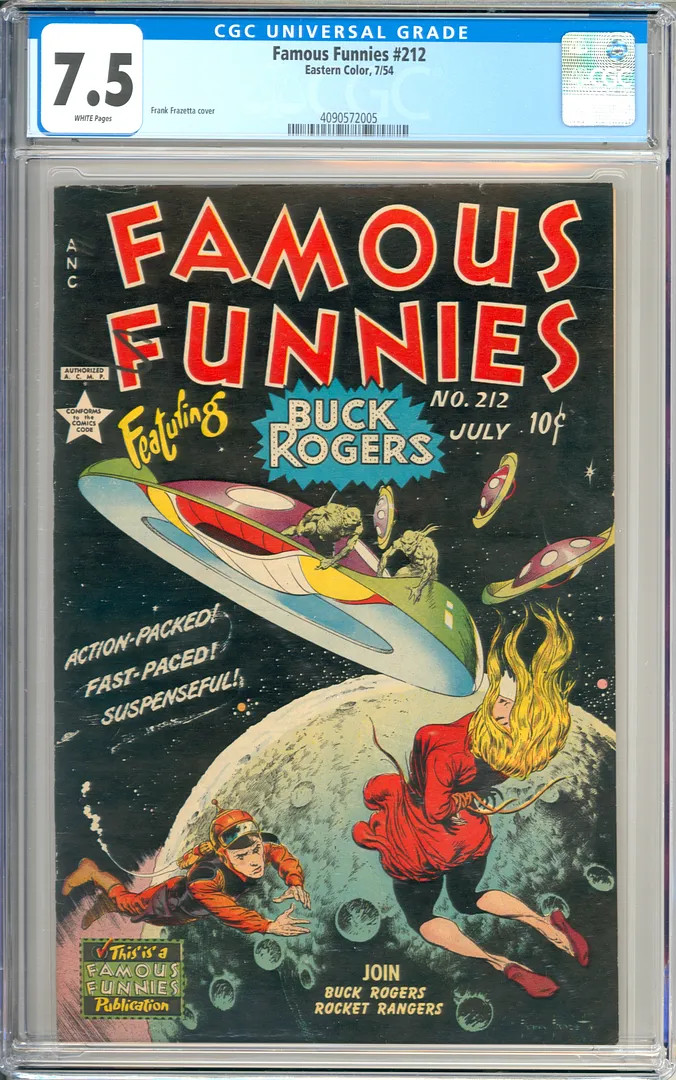 Famous Funnies #212 High Grade Classic Frazetta Cover Art Comic 1954 CGC 7.5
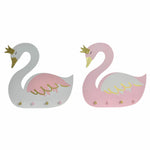 Bengaleiro de parede DKD Home Decor Madeira Infantil Cisne 40 x 4 x 38,5 cm (2 Unidades)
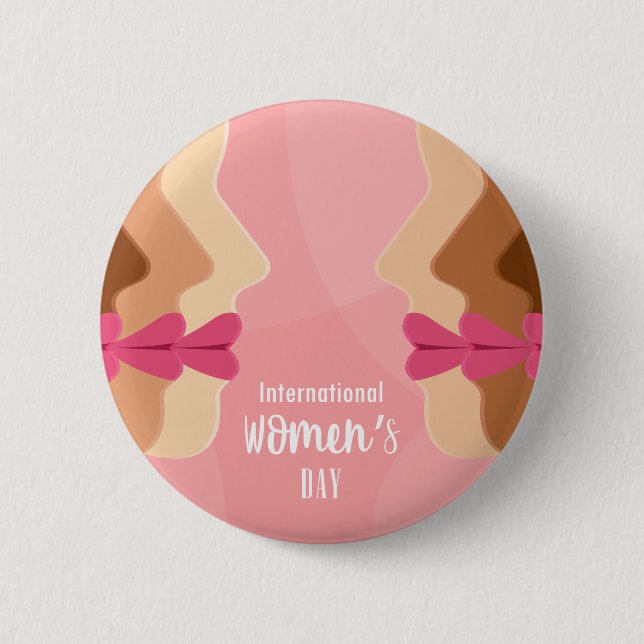 Badge Rond 5 Cm journée internationale des femmes rose (Devant)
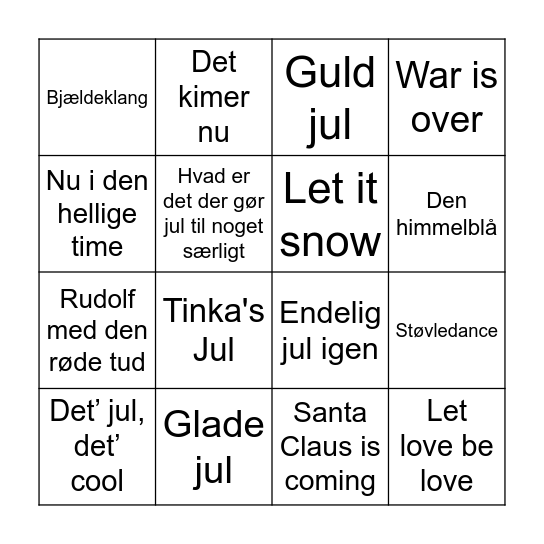 NE JULEBINGO Card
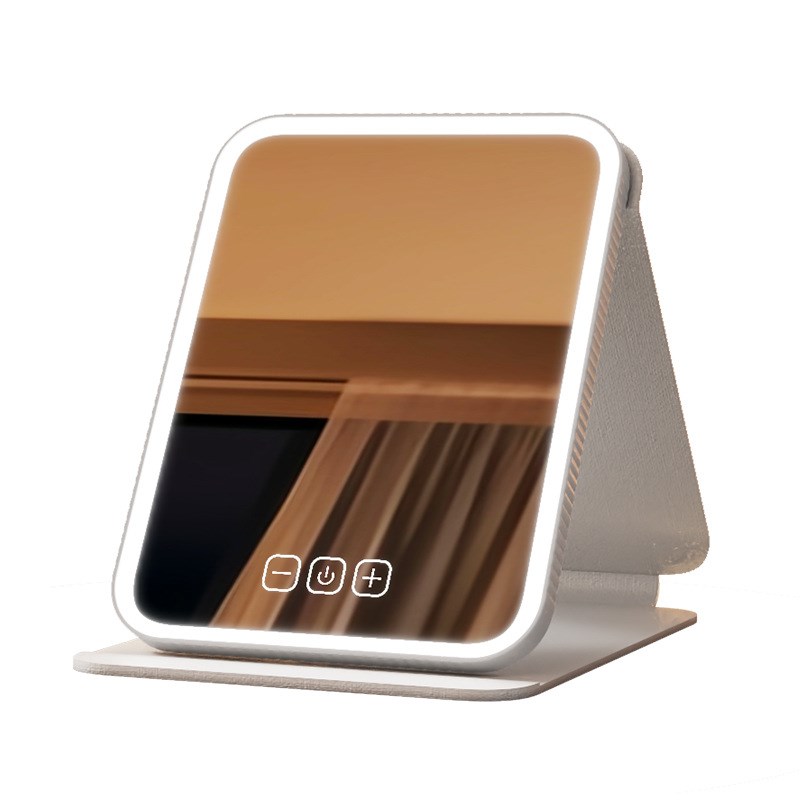 led化妆镜带灯台式女补光镜子宿舍桌面便携梳妆镜高清tpye-c充电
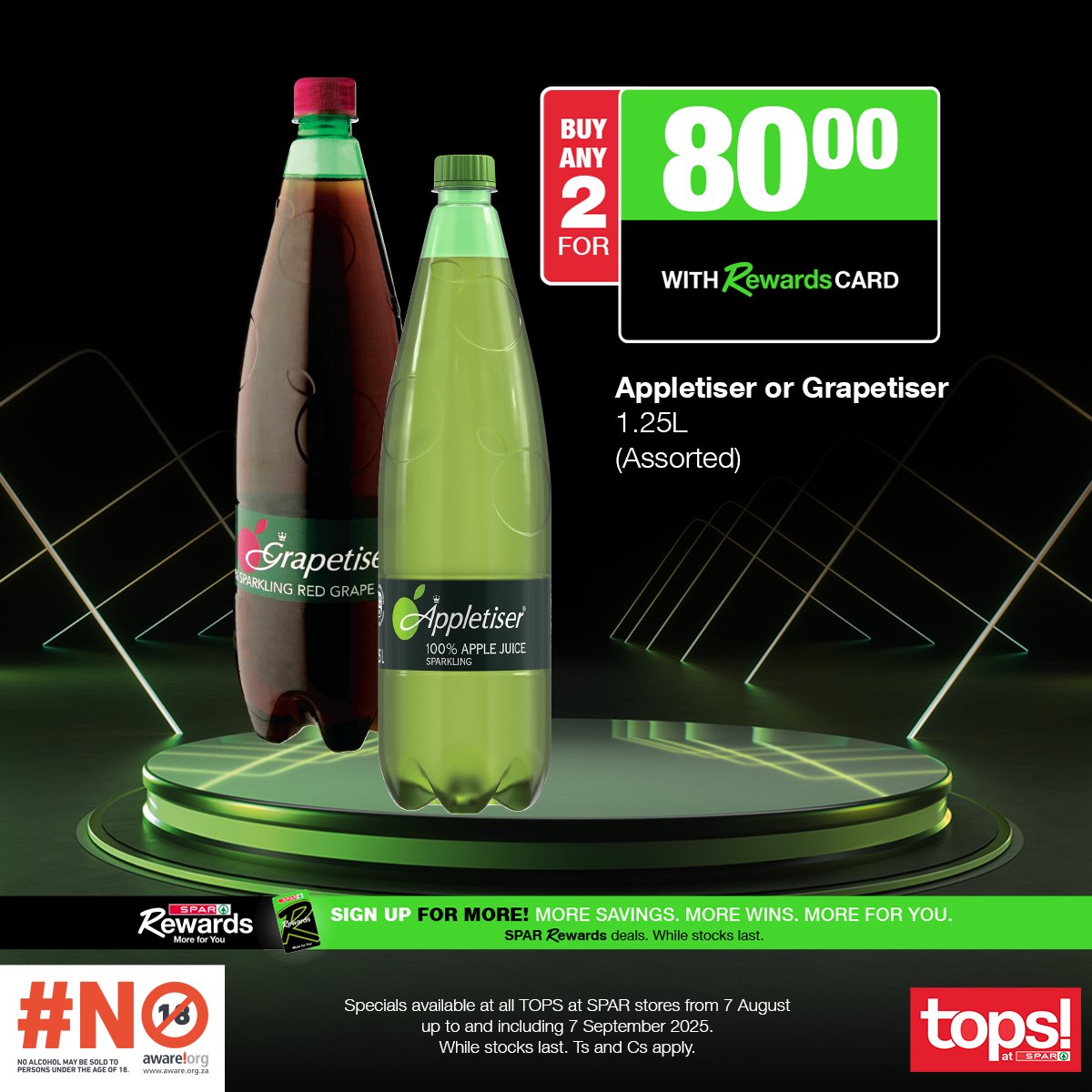 Swipe your Rewards card to unlock everyday deals for big celebrations, unwinding or hosting the crew. MORE good times, LESS spend! 

Deals valid between 7 August - 7 September 2025.

Find everyday deals on your favourites: spklr.io/6017B19MN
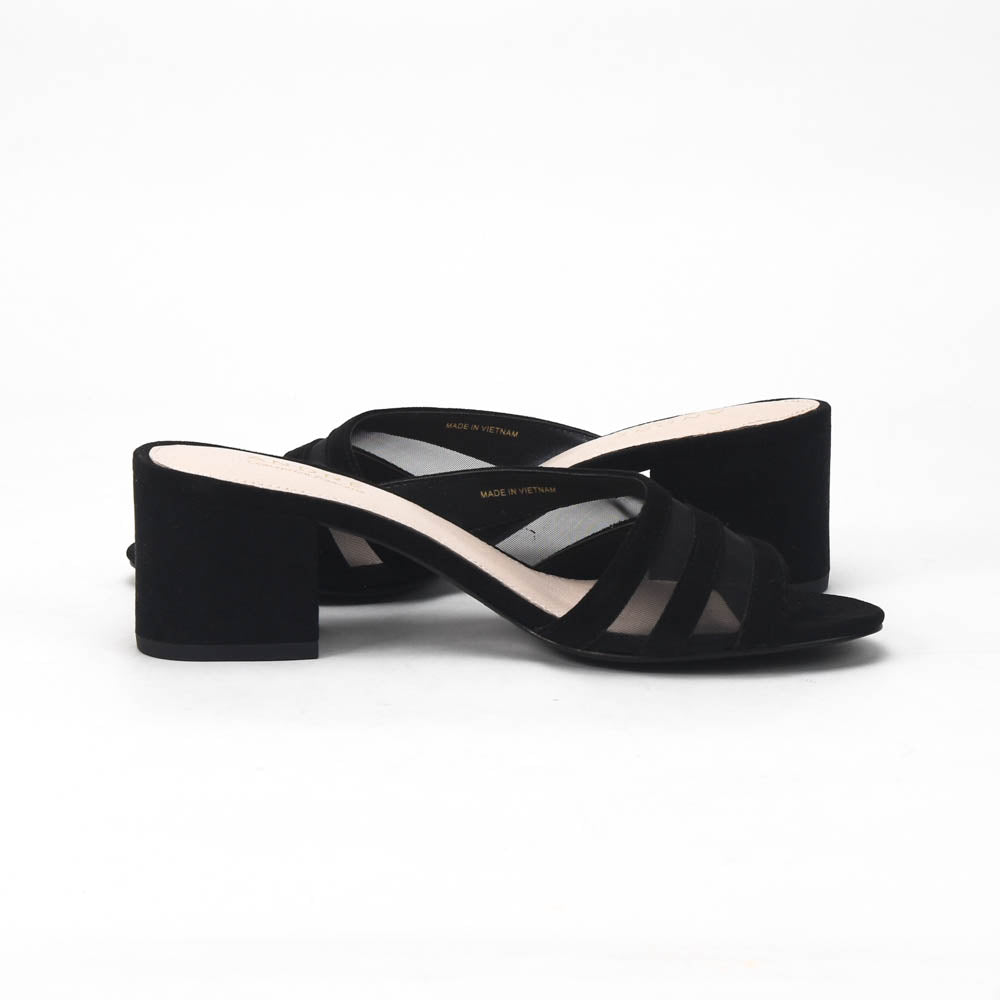 André Mules à Talons Élégantes Noir Femme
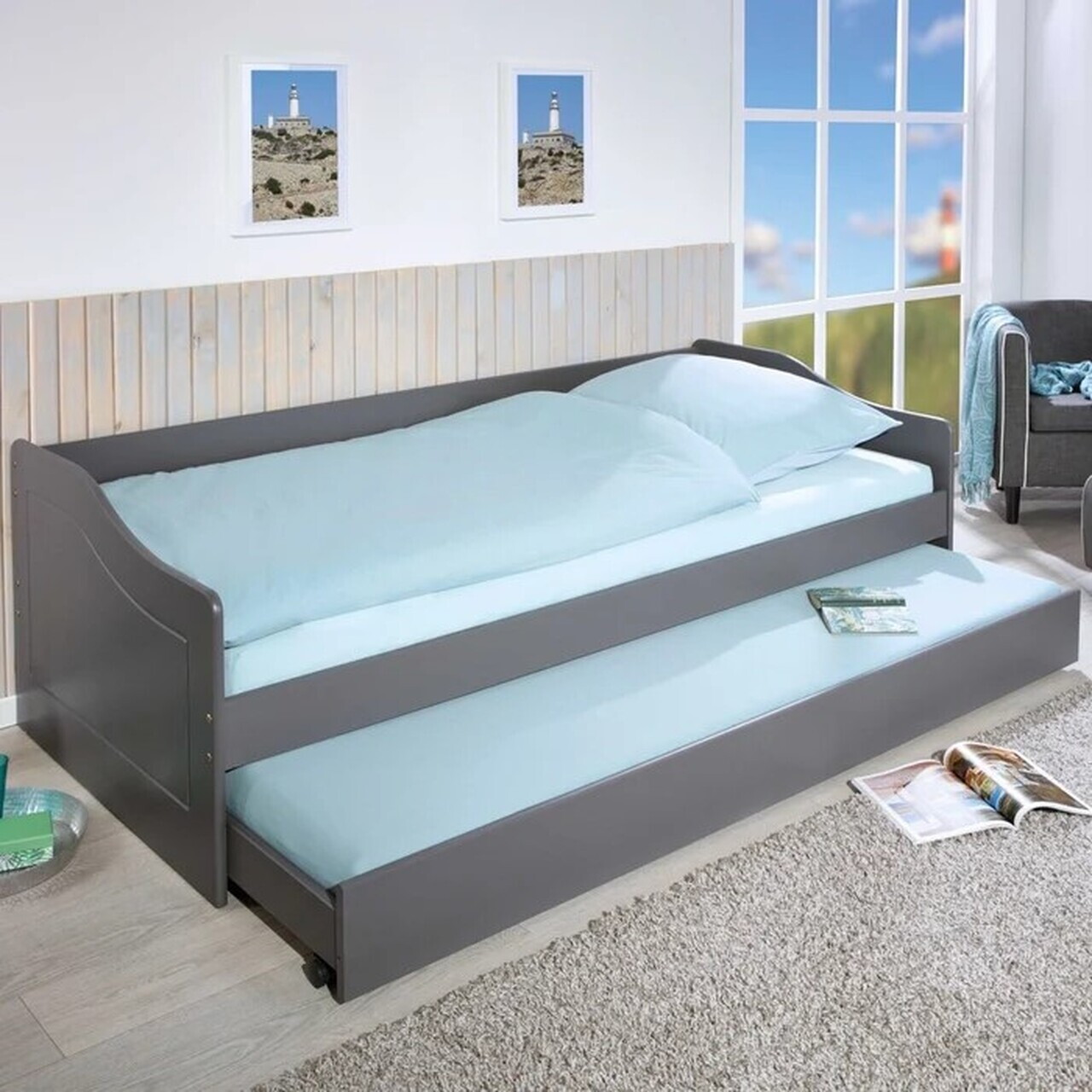 Pat multifunctional pentru o persoana, 90x200 cm, Leonie 23, Inter Link, lemn, gri - imagine 11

■ ■ ■

Starting at the line that contains "Swipe your Rewards" and ending at the final line of the data, reproduce each line exactly. Pictures stay out of the copy.

 Swipe your Rewards card to unlock everyday deals for big celebrations, unwinding or hosting the crew. MORE good times, LESS spend! 

Deals valid between 7 August - 7 September 2025.

Find everyday deals on your favourites: spklr.io/6017B19MN
 André Mules à Talons Élégantes Noir Femme
 Pat multifunctional pentru o persoana, 90x200 cm, Leonie 23, Inter Link, lemn, gri - imagine 11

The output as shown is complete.